Adianto P. Simamora The Jakarta Post Jakarta

The government's plan to impose export tax on certain commodities such as raw leather and cocoa products will not be effective in curbing the export of the commodities, industry associations said.

The tax is supposed to discourage export of the commodities to help provide domestic manufacturers with sufficient supply of raw materials at affordable prices.

"It is too late because the price of raw leather is already relatively stable here," Diyono H. Sasmito, chairman of the Indonesian Tanners Association, told The Jakarta Post on Sunday.

He added that the policy would not bring much benefit to the tanning factories as hundreds of them had closed down due to the slow response of the government in resolving the recent raw material shortage.

He criticized the finance minister for being to slow in responding to previous calls for imposing a 20 percent to 30 percent export tax on raw leather to help limit the export of the commodity.

The government is currently planning to issue a regulation that would effectively impose an export tax on certain commodities. The regulation has yet to be approved by President Megawati Soekarnoputri.

The government removed export tax on raw leather in 2000 to meet the economic reform programs set by the International Monetary Fund (IMF).

In 1998, the export tax stood at between 200 percent and 300 percent.

The removal of the export tax had resulted in a shortage of raw materials at home.

Currently, there are only 47 medium and big tanneries across the country with a total production of 72.5 million feet per year, as against 112 tanneries with a total annual output of 210 million feet in 1998.

The number of workers in the industry have also declined from 12,560 in 1998 to only 5,620 in 2001.

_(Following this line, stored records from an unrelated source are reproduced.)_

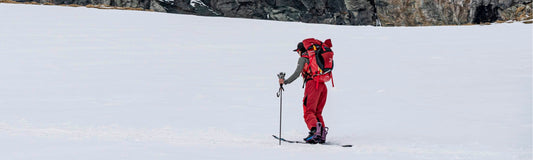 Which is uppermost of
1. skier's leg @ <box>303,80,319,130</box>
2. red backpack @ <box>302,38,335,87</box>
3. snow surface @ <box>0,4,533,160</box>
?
red backpack @ <box>302,38,335,87</box>

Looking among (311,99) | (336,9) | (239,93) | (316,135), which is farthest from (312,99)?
(336,9)

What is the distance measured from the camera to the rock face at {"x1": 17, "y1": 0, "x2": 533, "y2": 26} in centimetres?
3878

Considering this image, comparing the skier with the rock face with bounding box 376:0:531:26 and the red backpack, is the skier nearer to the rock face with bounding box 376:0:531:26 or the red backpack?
the red backpack

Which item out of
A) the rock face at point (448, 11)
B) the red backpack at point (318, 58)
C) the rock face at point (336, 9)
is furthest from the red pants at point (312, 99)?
the rock face at point (336, 9)

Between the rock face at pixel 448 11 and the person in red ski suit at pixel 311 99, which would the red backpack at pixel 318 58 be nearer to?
the person in red ski suit at pixel 311 99

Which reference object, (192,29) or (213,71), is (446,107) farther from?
(192,29)

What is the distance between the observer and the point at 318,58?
6.43m

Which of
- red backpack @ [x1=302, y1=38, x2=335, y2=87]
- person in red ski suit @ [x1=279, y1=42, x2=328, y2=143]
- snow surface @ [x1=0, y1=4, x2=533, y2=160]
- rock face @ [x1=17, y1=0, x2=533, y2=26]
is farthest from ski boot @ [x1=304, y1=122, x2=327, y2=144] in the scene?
rock face @ [x1=17, y1=0, x2=533, y2=26]

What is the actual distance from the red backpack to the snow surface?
0.79 meters

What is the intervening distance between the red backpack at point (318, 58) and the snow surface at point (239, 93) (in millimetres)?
785

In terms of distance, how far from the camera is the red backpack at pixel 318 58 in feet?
21.0

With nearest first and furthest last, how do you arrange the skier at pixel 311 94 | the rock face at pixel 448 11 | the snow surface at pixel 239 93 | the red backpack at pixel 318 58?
1. the snow surface at pixel 239 93
2. the red backpack at pixel 318 58
3. the skier at pixel 311 94
4. the rock face at pixel 448 11

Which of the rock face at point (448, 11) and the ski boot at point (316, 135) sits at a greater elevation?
the rock face at point (448, 11)

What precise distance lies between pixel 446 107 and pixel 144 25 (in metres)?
11.5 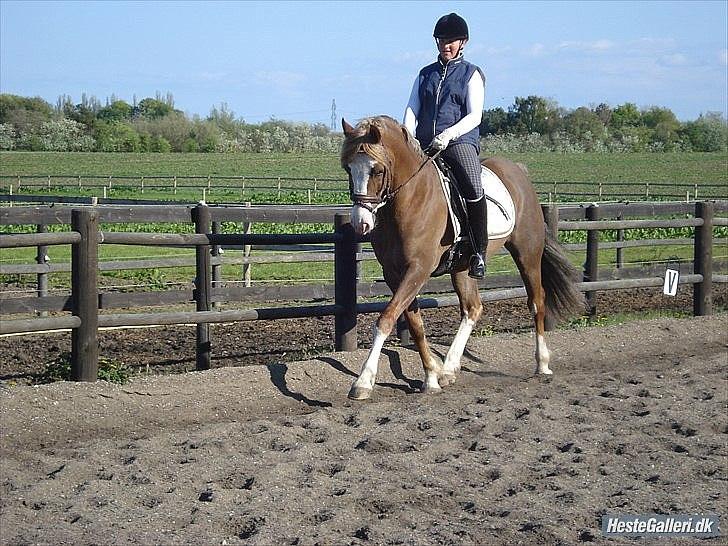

Meanwhile, the Association of Indonesian Cocoa Exporters (Askindo) warned that the government's move to impose export tax on cocoa beans would further burden cocoa farmers.

La Odi Mandong, secretary-general of the association said that exporters would in turn pass on the burden to farmers.

"Of course, farmers will always be in a difficult position," La Odi said as quoted by the Kontan weekly economic tabloid.

Indonesia, the world's second largest cocoa producer after the Ivory Cost, currently imposes no export tax on cocoa beans.

La Odi added that the move would also encourage foreign buyers to buy cocoa beans directly from local farmers.

The country's cocoa output is expected to reach some 430,000 tons this year. The country exports up to 80 percent of the cocoa output to the United States, Singapore, Malaysia and Brazil.

The Ministry of Industry and Trade has proposed to the Ministry of Finance the imposition of an export tax of between 5 percent and 20 percent on cocoa beans.

The government currently imposes 10 percent value-added tax and 2.5 percent income tax on the sale of cocoa beans from traders to the local grinders. This has resulted in a shortage of cocoa bean at home as both traders and farmers prefer to export rather than sell to local grinders.

Cocoa beans are processed by grinders into butter and powder which are then used by the food industry to make chocolate products.